Aber hätte, hätte, Fahrradstreifenkette. Jonas Borutta (stark: Thomas Schubert) wurde um 23.55 Uhr gefasst. Gegen ihn spricht manches Indiz, aber kein Beweis. Als der Film einsetzt, bleiben den Ermittlern noch zwei Stunden, um dem hochintelligenten, mutmaßlichen Frauenmörder ein Geständnis abzuringen. In ihrer Verzweiflung holen sie den Veteranen Josef Murnauer (Michael Roll) aus der Quasi-Pension, der schon einmal an dem Verdächtigen gescheitert war. Doch dass die Kavallerie alt und männlich ist, trifft Eyckhoff ins Mark. Und nicht nur ihr gehen die Nerven durch...
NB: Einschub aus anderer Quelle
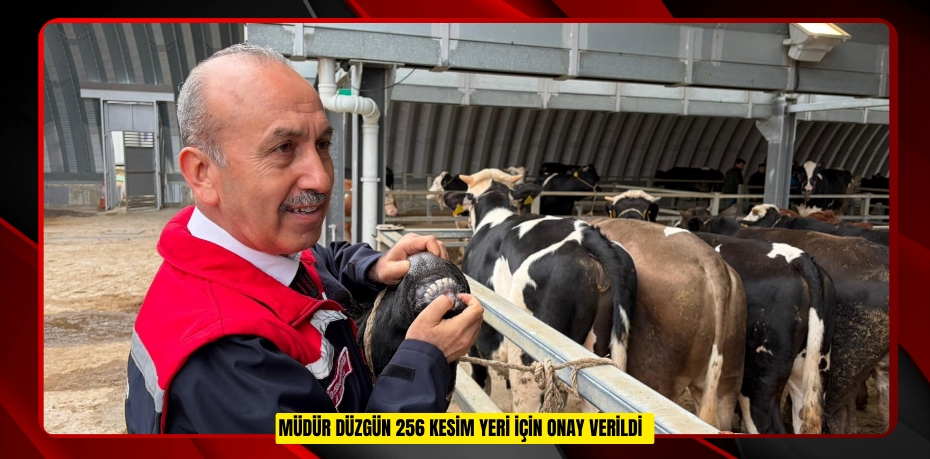 Müdür Düzgün: "256 kesim yeri için onay verildi"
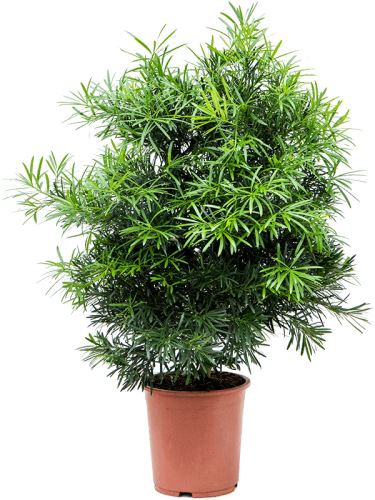 Podocarpus macrophyllus bush R27 V100 cm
„Bis Mitternacht“ ist eine Krimi-Perle. Nicht wegen des Was, sondern wegen des Wie. Regisseur Dominik Graf ist ein Film gelungen, der mehrfach überzeugt: als Verhör-Thriller. Als Annäherung an das Thema krankhafter Frauenhass (Achtung, harte Bilder zu Beginn!). Und nicht zuletzt als Skizze des Mikrokosmos Polizei. Strafverfolgung mag oft wirken wie eine Maschine, die Papier frisst und noch mehr Papier wieder ausspuckt. Doch am Werk sind Menschen. Mit Emotionen, Grenzen, Schwächen. Und sehr spezifischen Stärken. Gemeinsam sind Spurensicherer und Schreiberlinge, Labortechniker und Linguisten, Ballistiker und die einfachen „Bullen“ im Stellungskrieg gegen die schleichende Desillusionierung. Häufig ebenso überarbeitet wie unterbezahlt. Fehlbar und getrieben, zwischen Recht und Gerechtigkeit aufgerieben. Stehaufmännchen, betrieben mit Kaffee, Kippen und werweißwas noch. Angetrieben von allen möglichen Motiven, fast immer aber dem Willen, auf der guten Seite zu stehen, das Richtige zu tun. Hüter der Ordnung zu sein, Freund und Helfer.

Dass dieser Film auf einem Kapitel des Buchs „Abgründe: Wenn aus Menschen Mörder werden“ basiert, merkt man ihm auf beste Weise an. Die gesammelten Erkenntnisse des hochdekorierten Münchner Mordermittlers Josef Wilfling sind spannender als viele Sonntagskrimis. Aber nicht als dieser.